Angela Knight, chief executive of the British Bankers’Association, said: “Information is key to delivering investment and for targeting help and support where it is needed most. The British Bankers’ Association and major UK banks are delighted to support the Enterprise Research Centre, an initiative which will see research focusing on small and medium sized enterprises. “We believe the insight we gain will help inform policy, provide a focal point for research, bring key knowledge together in one place and help banks better serve their businesses customers. We also hope the research will help policy makers, business organisations and investors to work together to further develop initiatives that support enterprise and the UK growth agenda.”
So, we have £2.9m of our money wasted on a talking shop between our lame duck banks, who haven’t got the money (If you want further on this read Liam Halligan’s Sunday Telegraph article about the zombie bank malaise), bureaucrats indulging in yet another Quango and a bunch of academics who have no business experience whatsoever.
What do George and Vince have against talking to those who have actually spent a lifetime running SMEs and/or helping them raise capital? As a colleague of mine despairingly put it, “we could collectively tell them the answer for the price of a good dinner”. George Osborne could even avoid that expense if he cared to ease on round to the ancestral home and ask his Father for views and suggestions. He at least has long experience of running an SME (Osborne & Little).
Of course I do not expect the Government to take heed of the City Grump, do another of its celebrated U-turns and can this Quango in the making, but perhaps they and the readers of this column might like to think about the following:
Xavier Rolet, the CEO OF the London Stock Exchange, said this week, “Equity was invented here but today it’s become effectively an almost dead asset class.”
How true. Why so and what can be done? This happened due to a deadly combination of ever increasing regulation over equity investing (as opposed to other forms of capital with little or no regulation) and an insistence that the income stream from government bonds is the most reliable way of meeting the requirements of policyholders, by the actuarial advisors to our pension funds and insurance companies
When I started in investment management back in the 1970s, the prevailing view was that the way to value a company was through its dividend stream. In other words, companies that paid dividends were more valuable than those that didn’t. Companies that paid a rising dividend every year where the most valuable of the lot. Thanks to the actuarial advice outlined above, that approach went out the window years ago.
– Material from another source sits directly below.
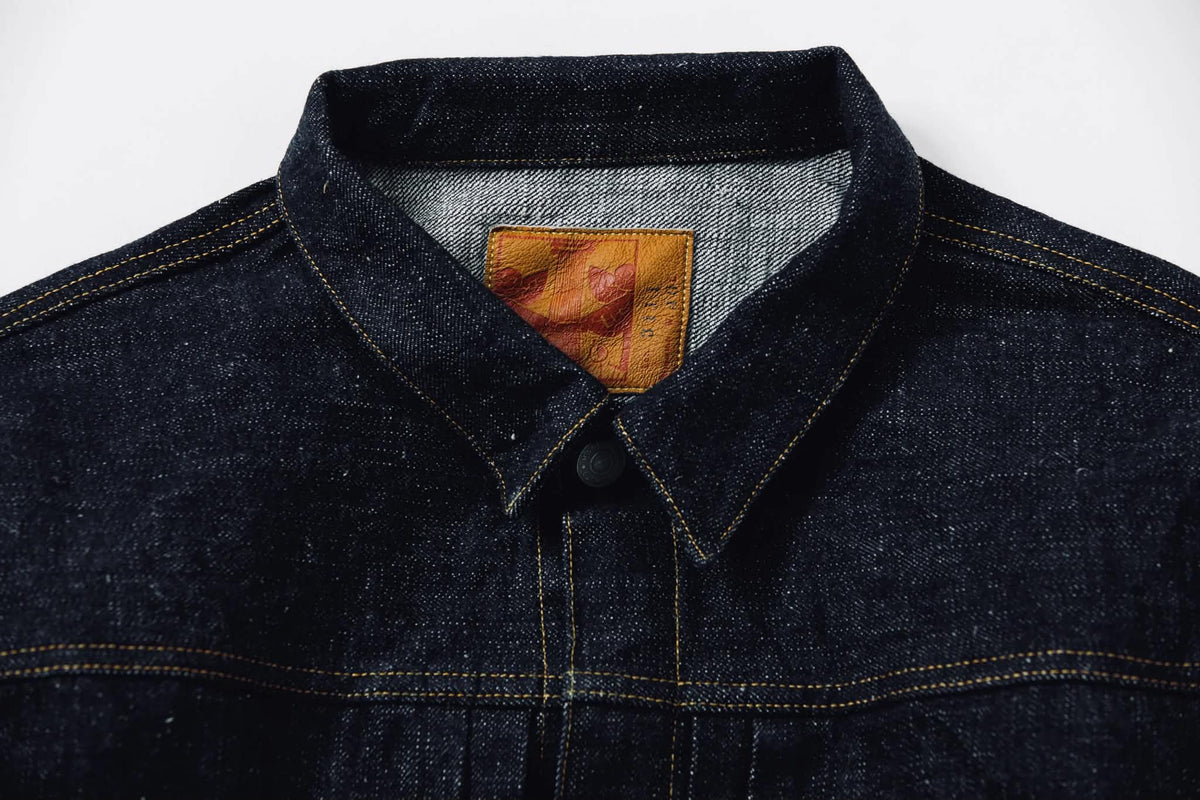 OMOTO DENIM 3111 TYPE 1 SLUB-NEP DENIM JACKET 15.5OZ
Now, so-called ‘growth companies’, especially SMEs, have been able to hide behind the “we don’ t need to pay out dividends to our investors because we can better employ it in our business” tack. Imagine trying to suggest that as a reason to your banker, for why you shouldn’t pay any interest on that loan.
I sense the pendulum is beginning to swing back. UK government bonds now provide the lowest income since records began in the 18th Century. Until recently the US technology sector paid negligible dividends. Goldman Sachs predicts dividends of US technology companies will double again in the next two years, making the sector the biggest contributor in S&P Index. Investors are desperate for income and will look increasingly favourably on any companies they think can provide them such.
I know this defies conventional wisdom, but if you are running a small or mid-sized company and are beginning to despair of attracting investment, then think hard about how your business can generate a dividend stream. You’ll find investors beating a path to your door and then the £2.9m Enterprise Research Centre can shut up its talking shop.